Böylelikle Generale para için her şeyi yapabileceğini gösterir.

General cevap verir;

“Asla!.” der. 

“Benim amacım, değer verdiklerinize karşı yaklaşımınızı öğrenmekti. Sen para için yoldaşın, yardımcın, her şeyin olan köpeği feda ettin.Benim öğrenmek istediğimde buydu. Ben senden ihtiyacım olan her şeyi öğrendim.” der.

Sonra yanındakilere döner ve vermek istediği dersi verir.

“Bu insanlar bu karakterde olduğu müddetçe onlardan korkmayın, onlara her şeyi yaptırabilirsiniz” der.

Maalesef günümüzde bunların örnekleri çoktur.

Makam ve menfaat hırsıyla arkadaş ve dostlarını satan, hayat damarlarını kesen, derisini yüzdükten sonra yiyebilecek olan nice insanlar vardır.
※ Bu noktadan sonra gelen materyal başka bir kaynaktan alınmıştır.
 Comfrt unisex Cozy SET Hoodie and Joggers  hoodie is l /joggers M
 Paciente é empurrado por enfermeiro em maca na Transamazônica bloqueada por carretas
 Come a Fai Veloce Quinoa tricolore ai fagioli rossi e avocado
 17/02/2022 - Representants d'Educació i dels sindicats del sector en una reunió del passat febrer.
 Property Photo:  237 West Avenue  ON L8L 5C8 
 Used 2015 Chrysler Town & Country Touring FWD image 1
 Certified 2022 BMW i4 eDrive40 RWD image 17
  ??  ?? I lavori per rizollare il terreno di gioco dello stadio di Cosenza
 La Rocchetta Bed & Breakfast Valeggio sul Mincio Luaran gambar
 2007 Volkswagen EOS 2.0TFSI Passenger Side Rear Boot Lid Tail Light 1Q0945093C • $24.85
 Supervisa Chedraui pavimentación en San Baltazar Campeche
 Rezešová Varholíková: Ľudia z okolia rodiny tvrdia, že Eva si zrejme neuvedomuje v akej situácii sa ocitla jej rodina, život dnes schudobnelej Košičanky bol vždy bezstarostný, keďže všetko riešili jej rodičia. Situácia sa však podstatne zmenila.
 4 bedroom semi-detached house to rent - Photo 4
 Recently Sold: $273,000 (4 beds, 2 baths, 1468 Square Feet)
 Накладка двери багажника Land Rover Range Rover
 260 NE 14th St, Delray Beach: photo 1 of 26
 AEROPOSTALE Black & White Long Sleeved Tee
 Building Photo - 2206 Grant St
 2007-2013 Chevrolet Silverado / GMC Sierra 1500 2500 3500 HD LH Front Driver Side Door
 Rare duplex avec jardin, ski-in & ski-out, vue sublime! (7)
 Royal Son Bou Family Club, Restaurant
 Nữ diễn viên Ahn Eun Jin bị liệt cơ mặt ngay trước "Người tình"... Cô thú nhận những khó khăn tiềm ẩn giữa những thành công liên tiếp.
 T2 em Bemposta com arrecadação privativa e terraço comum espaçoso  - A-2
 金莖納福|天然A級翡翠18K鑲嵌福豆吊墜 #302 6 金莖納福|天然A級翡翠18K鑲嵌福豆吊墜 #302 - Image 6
Üç kuruş etmez menfaatleri için dost ve arkadaşlarını kesebilecek, derisini yüzebilecek, onları parçalayabilecek ardından da yiyebilecek karaktere sahip olanların efendileri için yapmayacakları yoktur.
 
Güç sahipleri tam da bu nedenden, liyakat, kabiliyet ve yeteneği olanlardan çok, kullanabilecekleri kişiliksiz ve şahsiyetsiz kimseleri işlerin başına getirirler.

Çünkü bur tür kişiliksizleri istedikleri gibi kullanmaları daha kolaydır.

 En değerlilerini az bir menfaat karşılığı satanlar, satıldıkları kişinin sadık birer hizmetçisi olmaktan kurtulamazlar.